#### [WHAT IS EXPECTED]
Please repeat, exactly as written, the line containing "SHEIN Women's Colorblock" and every line after it through the end of the records below, leaving out any pictures.

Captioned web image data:
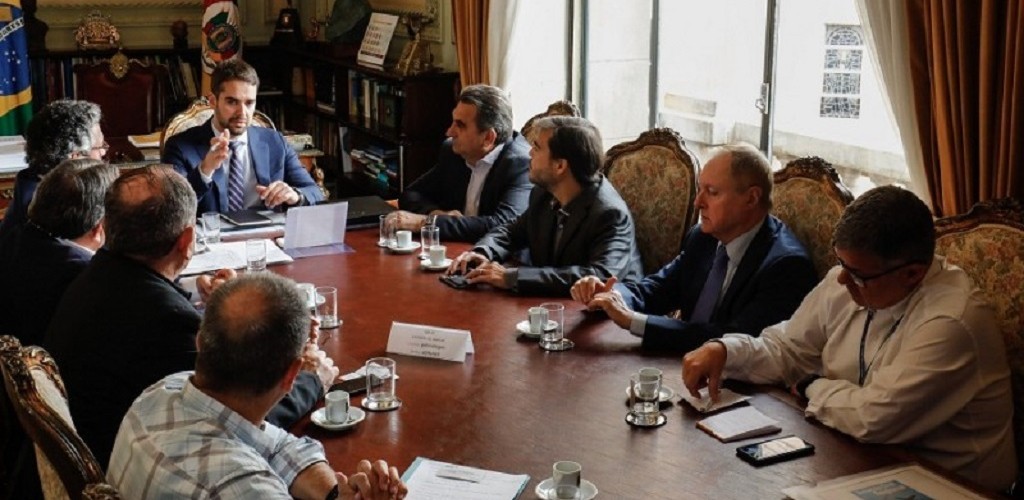 Governador garante à Azul e Two Flex que há interesse em ampliar rotas regionais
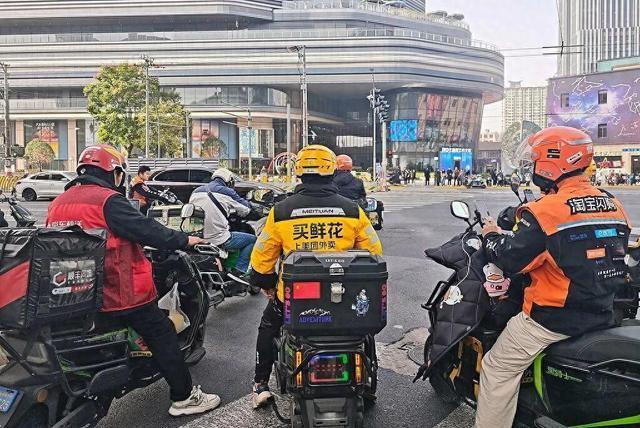 外卖大战三巨头6个月烧掉近800亿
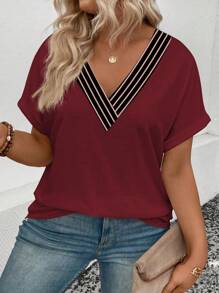 SHEIN Women's Colorblock Striped V-Neck Short Sleeve Cuffed Hem Casual Fashion Versatile Plus Size T-Shirt, Spring/Summer - Red - View 5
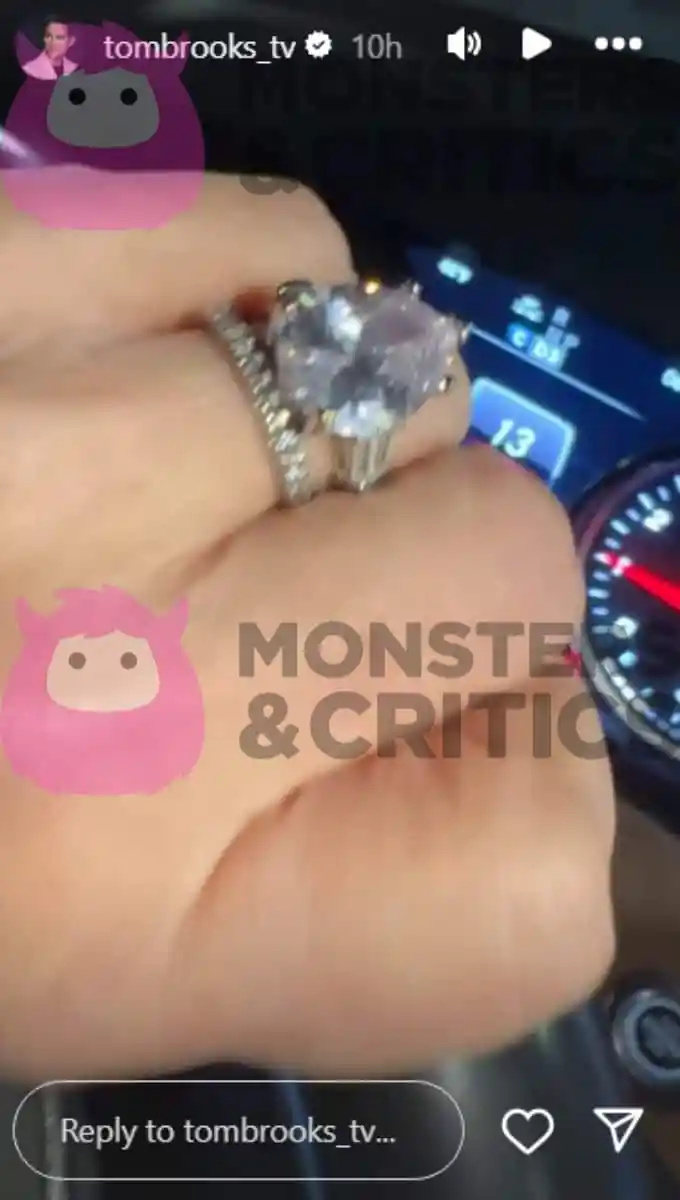   Tom Brooks comparte a Mariah Fineman's ring in his instagram story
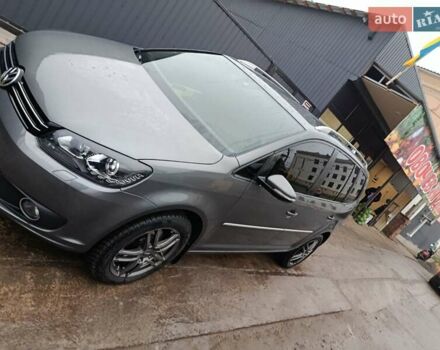 Серый Фольксваген Туран, объемом двигателя 2 л и пробегом 276 тыс. км за 14200 $, фото 2 на Automoto.ua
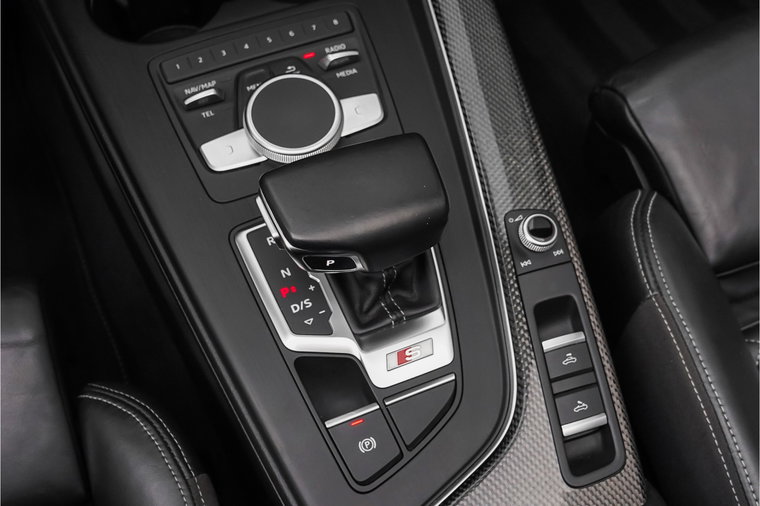 Vehicle Image 36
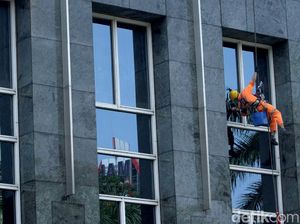Aksi Spiderman Bersihkan Kaca Gedung Pencakar Langit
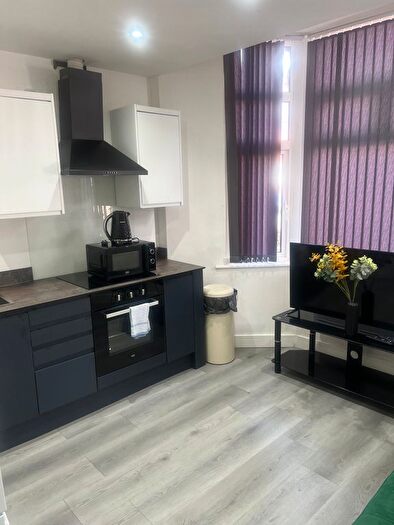1 Bedroom Flat To Rent In Corporation Road, Cardiff, CF11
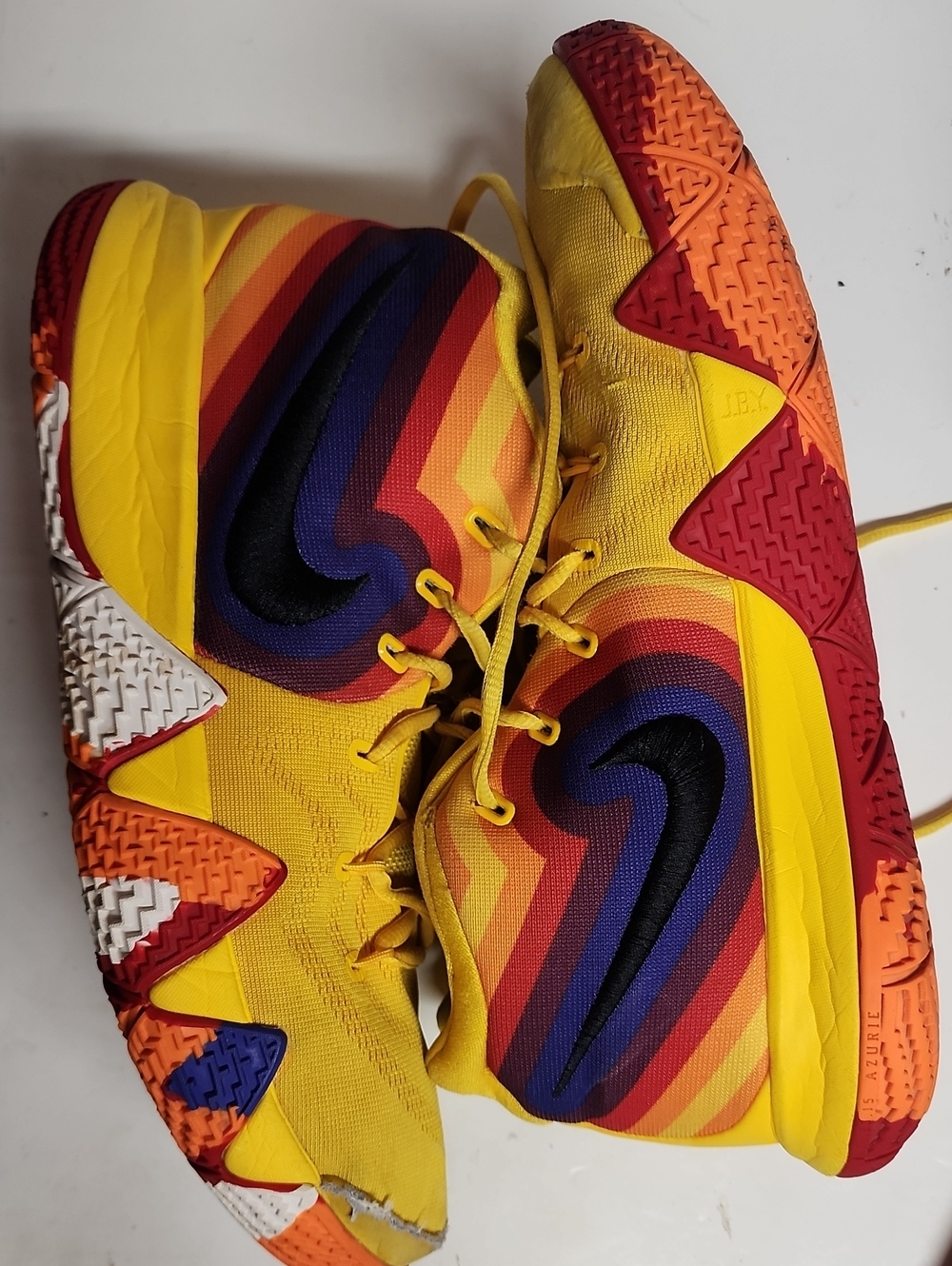 Vintage 70's Nike Yellow Multicolor Kyrie Basketball Sneakers Mens Size 11.5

#### [SOLUTION FOR THIS TASK]
 SHEIN Women's Colorblock Striped V-Neck Short Sleeve Cuffed Hem Casual Fashion Versatile Plus Size T-Shirt, Spring/Summer - Red - View 5
   Tom Brooks comparte a Mariah Fineman's ring in his instagram story
 Серый Фольксваген Туран, объемом двигателя 2 л и пробегом 276 тыс. км за 14200 $, фото 2 на Automoto.ua
 Vehicle Image 36
Aksi Spiderman Bersihkan Kaca Gedung Pencakar Langit
1 Bedroom Flat To Rent In Corporation Road, Cardiff, CF11
 Vintage 70's Nike Yellow Multicolor Kyrie Basketball Sneakers Mens Size 11.5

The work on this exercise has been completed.